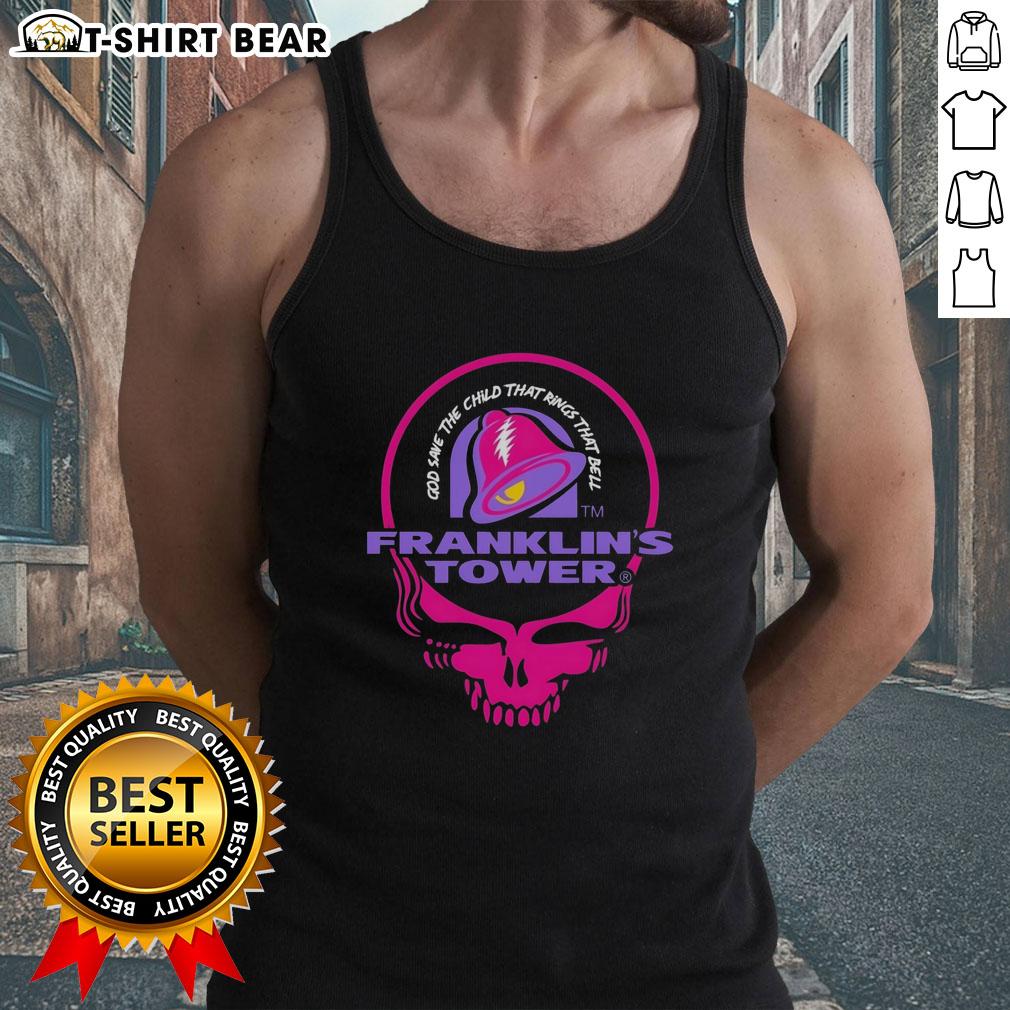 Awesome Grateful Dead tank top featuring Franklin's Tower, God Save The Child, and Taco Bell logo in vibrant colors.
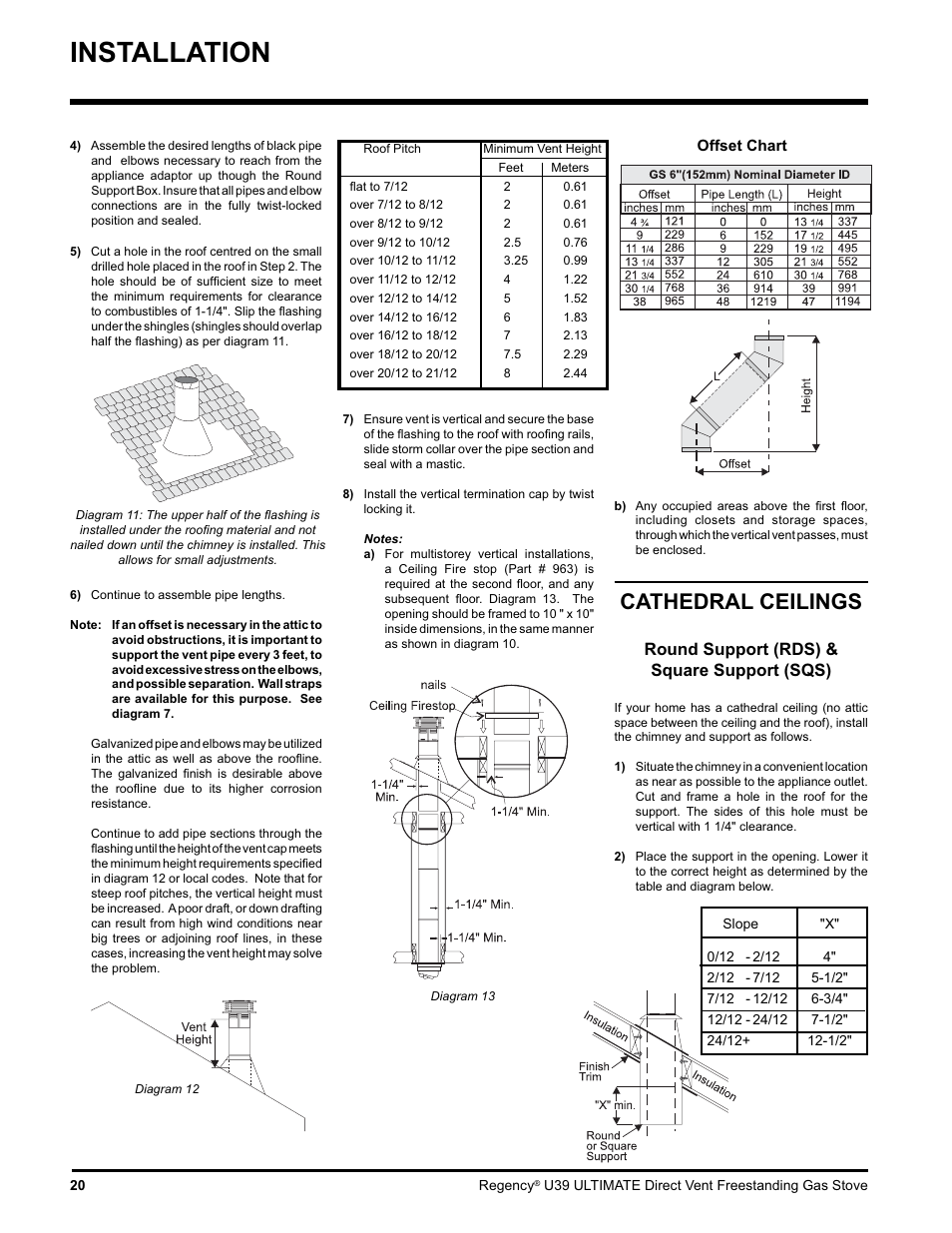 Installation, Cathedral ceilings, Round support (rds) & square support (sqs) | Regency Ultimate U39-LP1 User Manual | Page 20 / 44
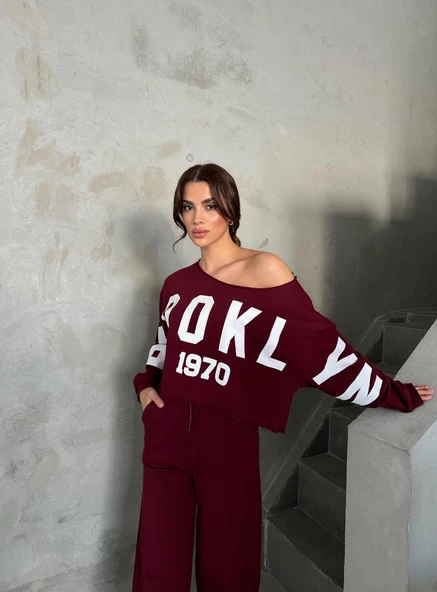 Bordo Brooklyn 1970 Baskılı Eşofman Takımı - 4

• • • • •

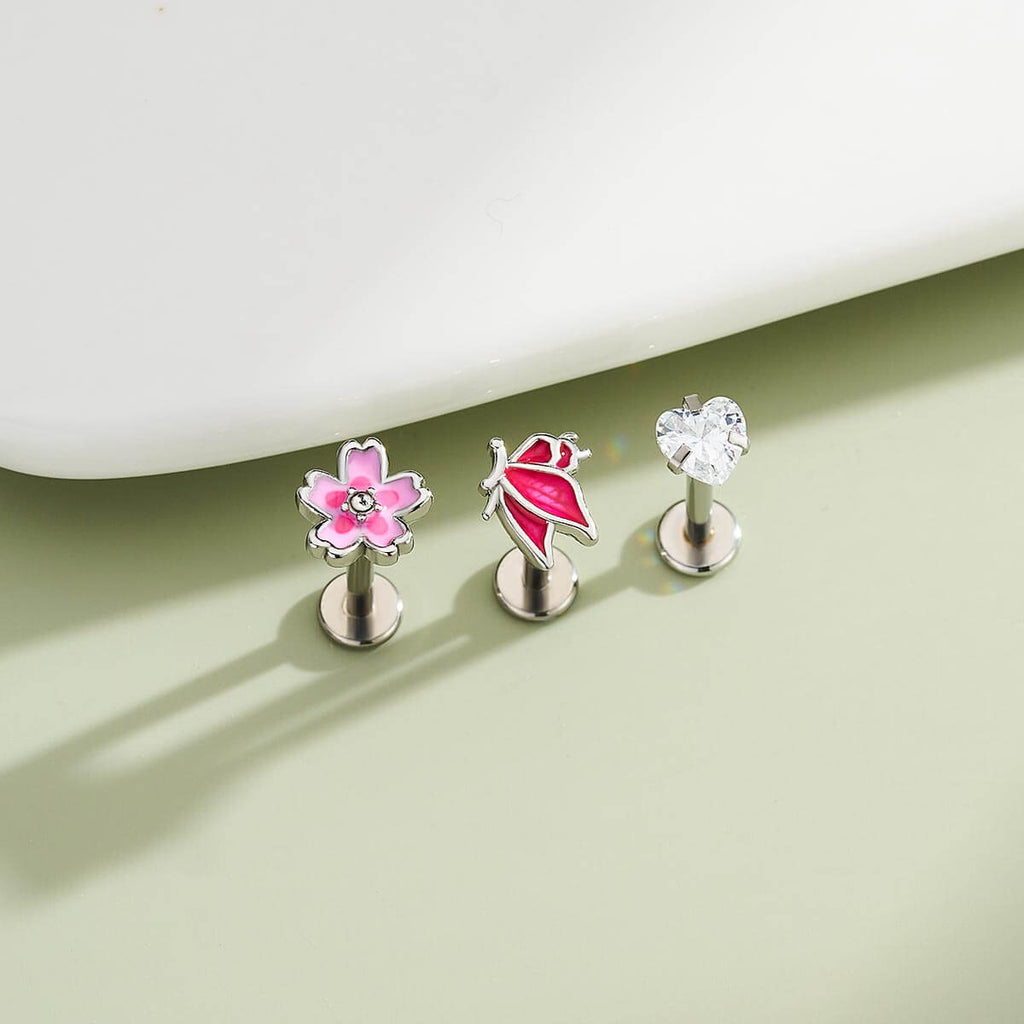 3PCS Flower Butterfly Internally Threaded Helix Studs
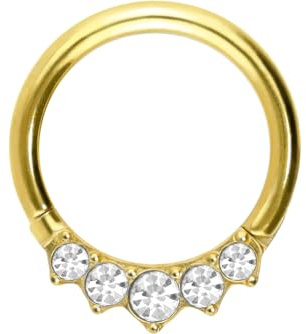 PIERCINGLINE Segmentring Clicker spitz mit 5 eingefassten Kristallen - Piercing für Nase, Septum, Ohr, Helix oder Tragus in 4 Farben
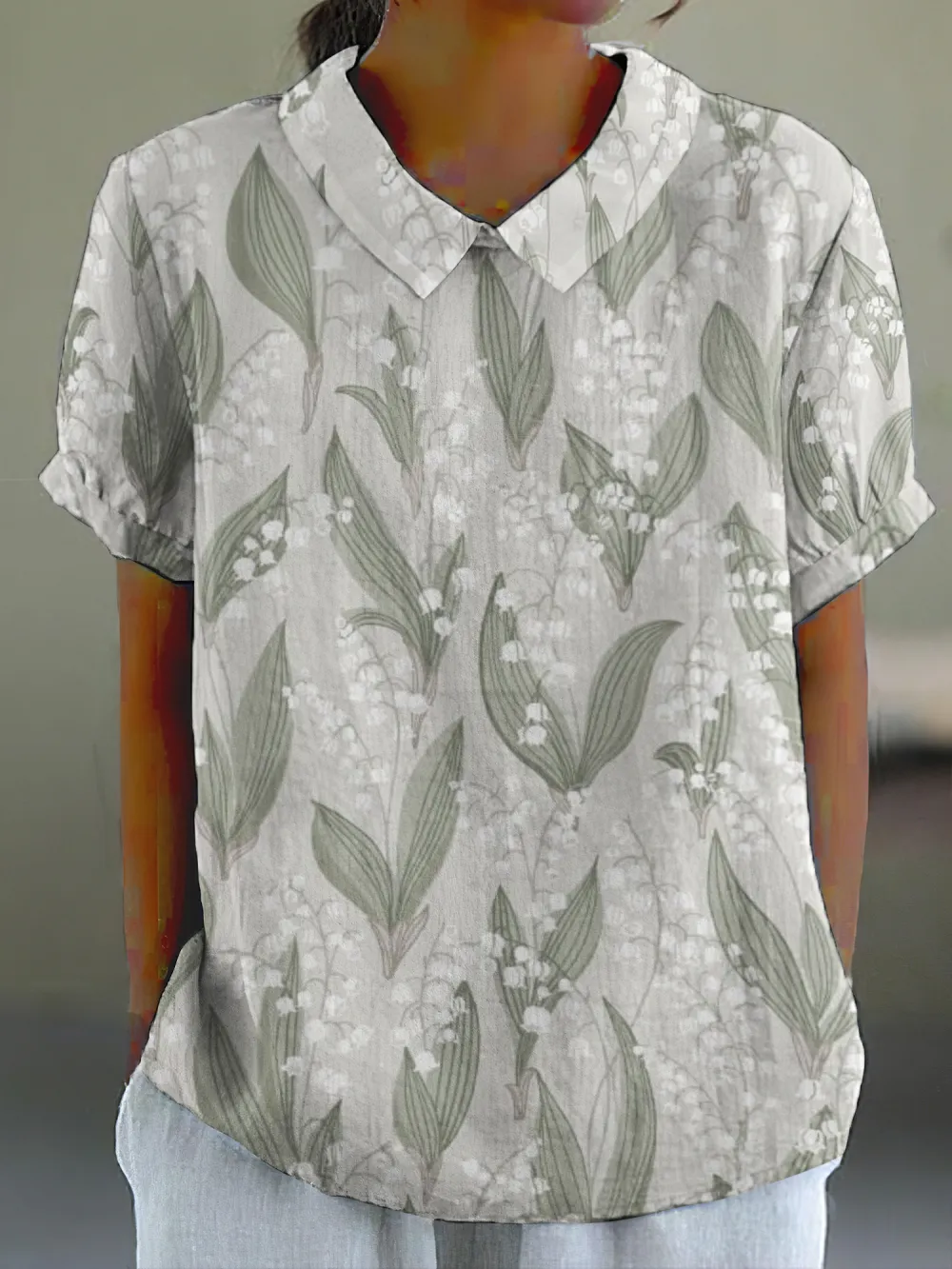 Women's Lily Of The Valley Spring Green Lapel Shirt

• • • • •

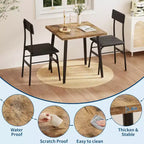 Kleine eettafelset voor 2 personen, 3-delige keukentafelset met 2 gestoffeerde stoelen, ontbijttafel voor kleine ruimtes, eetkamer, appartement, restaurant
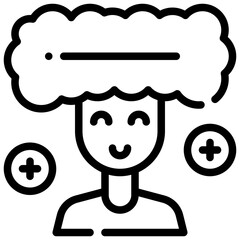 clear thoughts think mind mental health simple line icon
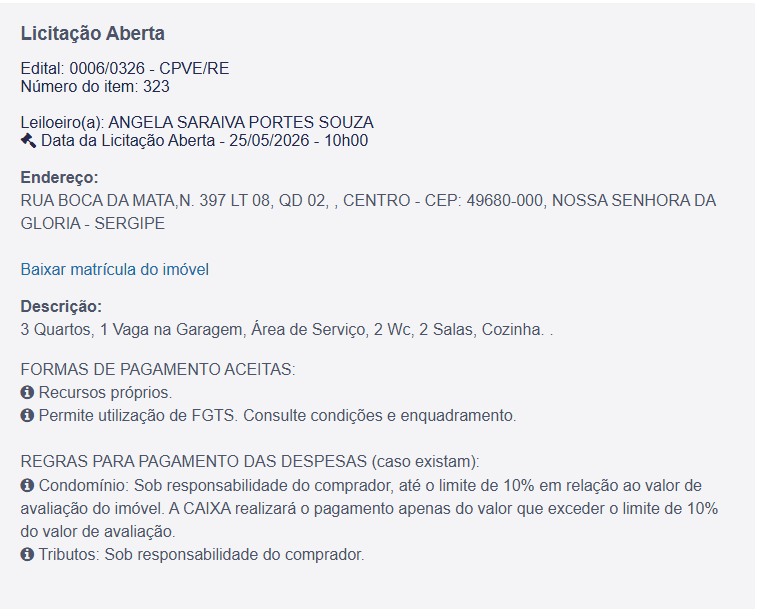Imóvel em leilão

• • • • •

### Task brief
Above this task is a listing with pictures in it. Retype only the lines from the one containing "Awesome Grateful Dead" through the one containing "Installation, Cathedral ceilings, Round", both included, and not the pictures.

### Exercise response
 Awesome Grateful Dead tank top featuring Franklin's Tower, God Save The Child, and Taco Bell logo in vibrant colors.
 Installation, Cathedral ceilings, Round support (rds) & square support (sqs) | Regency Ultimate U39-LP1 User Manual | Page 20 / 44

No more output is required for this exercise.